The potential application of surface modified silica nanomaterials to boost the stability of oil in water emulsions created by alkali-polymer flooding has been investigated. Long-term phase behavior experiments and interfacial tension measurements are performed. We evaluate the effects of particle size and surface modification, as well the influence of the alkali type and concentration on the emulsion stability. The workflow helps understanding the fluid-fluid interactions and facilitates the selection of materials for further core-flood evaluations.

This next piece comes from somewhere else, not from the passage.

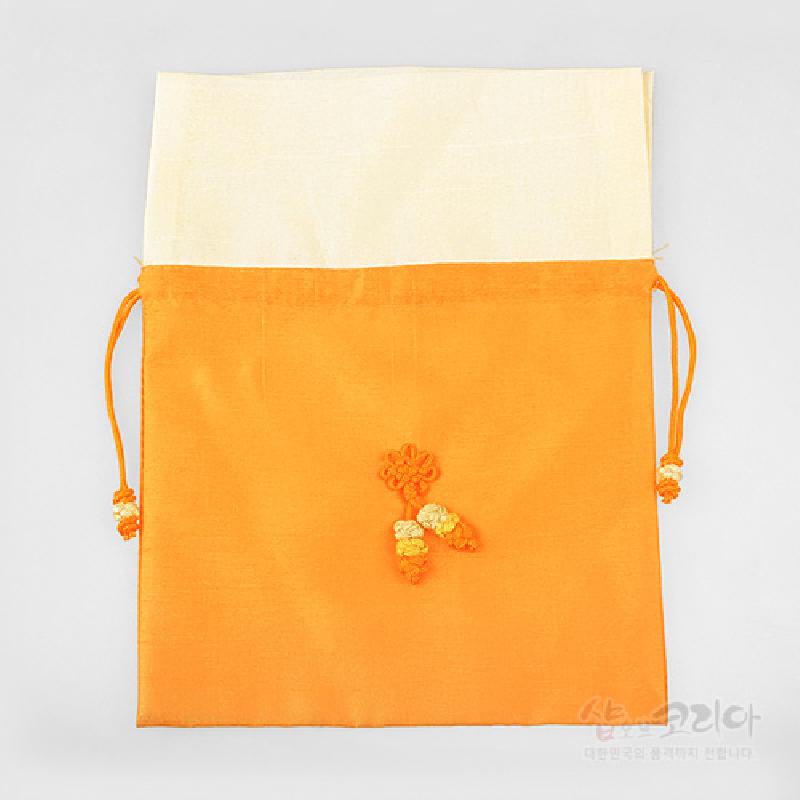 황색과 아이보리 배색의 비단 천으로 만든 복주머니, 중앙에 오렌지·노랑 매듭술 장식이 특징인 끈 조임식 주머니.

Three types of nanomaterials allowed investigating the effect of particle size (60 and 100 nm) and two different surface modifications, which differ slightly in hydrophilicity and zeta-potential. Phase-experiments were performed at 1:1 water/oil ratio using a high TAN crude-oil. Emulsion volume was recorded over 100 days and aqueous-phase composition was varied to study the effect of alkali concentration (1000−15000 ppm), particle type/concentration (0.05−5 wt.%), alkali (Na2CO3 versus K2CO3), and polymer (0 and 2000 ppm). Overall, ∼100 different combinations with triplicates were tested. IFT experiments were performed using a spinning-drop tensiometer, and results were compared at 300 min of observation.
Phase experiments revealed that surface modified nanomaterials have the ability to stabilize oil-in-water emulsions that were formed due to reaction of alkaline brine with crude-oil, supported by a low IFT in the alkali/particle system. Combination of 0.1 wt% silica particles and 3000ppm alkali produces very-long lived emulsions and outperforms the control experiments by a factor of four in terms of emulsion volume (at 100 days). The type of surface modification of the nanomaterial had a negligible effect on the volume of the stabilized emulsion. However, density and viscosity of the emulsion were influenced, which will affect fluid flow in the reservoir.
A synergistic effect of smaller size (higher effective concentration of particles) and more neutral surface charge of the modified particles resulted in emulsification of crude-oil with silica particles alone, which did not occur for the samples with larger particle size and lower zeta potential. Too high concentrations of alkali and particles resulted in destabilization of the emulsions, which may be due to charge reversal of particles and exceedance of the critical coagulation concentration. Since the viscosity of an emulsion is larger than that of the continuous phase, polymer could be required to flood the emulsion out of the reservoir. In our experiments, the addition of polymer reduced emulsion stability in the alkali-only experiments, but adding nanomaterial boosted the emulsion stability. Nano-EOR is an embryonic technology and to the best knowledge of the authors, literature data is scarce on how nanomaterials emulsify crude-oil, since most studies have been done with simple hydrocarbons such as decane. The majority of the existing literature addresses the stabilizing effect of nanoparticles on emulsions created due to the mixing of surfactants with hydrocarbons, whereas in this study we use alkali as an economically more attractive saponifying agent.